A high-level Pentagon study found Tuesday that the bombing of the American destroyer Cole last October revealed dangerous shortcomings in U.S. military security and intelligence-gathering.

The report, which did not attempt to assess leadership performance in the attack, found that U.S. planes and ships remain highly vulnerable to terrorist attack as they shuttle American forces through dangerous regions. And it said that U.S. intelligence-gathering remains too focused on old, Cold War threats and needs to devote more attention to shadowy terrorist foes.

The Oct. 12 attack, which occurred while the destroyer was refueling in the harbor of Aden, Yemen, revealed “a seam in the fabric of our efforts to protect our forces,” the report said. Seventeen U.S. sailors were killed and 39 injured when a bomb carried on a small boat blasted a hole in the the destroyer at midships.

Despite the study’s conclusions, it remains unclear whether any U.S. official will be found in any way at fault for what happened to the $1-billion destroyer.

Retired Navy Adm. Harold Gehman and retired Army Gen. William W. Crouch, who headed the study panel, named no individuals, organizations or foreign nations in their report. Their job was not to seek blame but to look for ways to “improve the processes,” Crouch said.
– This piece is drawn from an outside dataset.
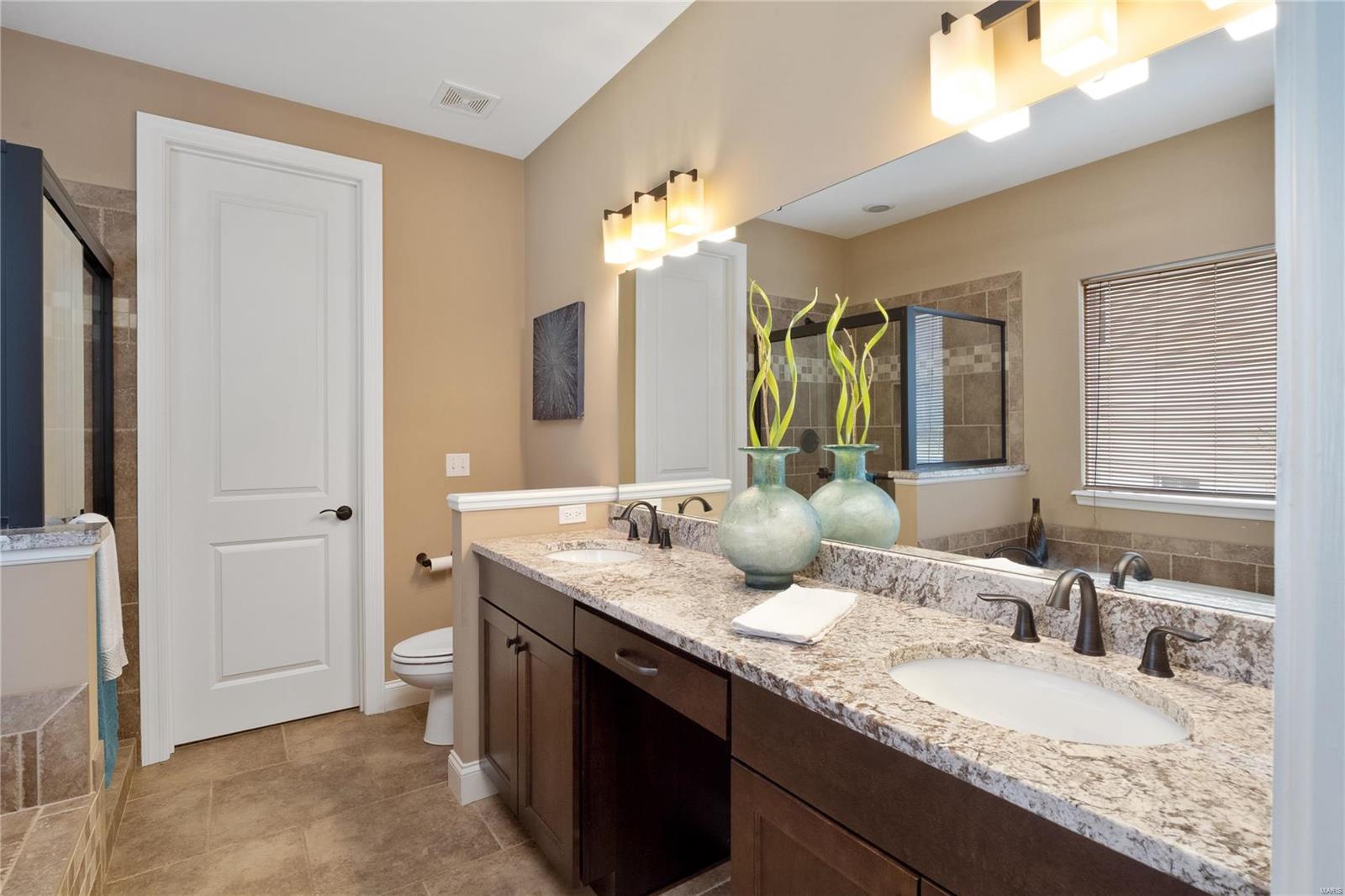 1052 Bridlewood Valley Point High Ridge, MO 63049 - Photo 19 of 34 Gallery Image 19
And, so far, the Navy chain of command has rejected the idea that any blame should be attached to the Cole’s skipper, Cmdr. Kirk S. Lippold, or to the ship’s crew. Though an investigative officer found that the crew failed to follow dozens of required security precautions on the day of the attack, senior Navy officers have declined to assign blame, arguing that none of the precautions would have averted the blast.

Defense Secretary William S. Cohen Tuesday formally asked the military’s top officer, Joint Chiefs Chairman Henry Hugh Shelton, to look again at whether anyone in the military chain of command deserves blame in the incident.

Shelton will not gather facts in a new investigation, but rather will review the evidence accumulated so far to assess whether anyone was negligent, Cohen said.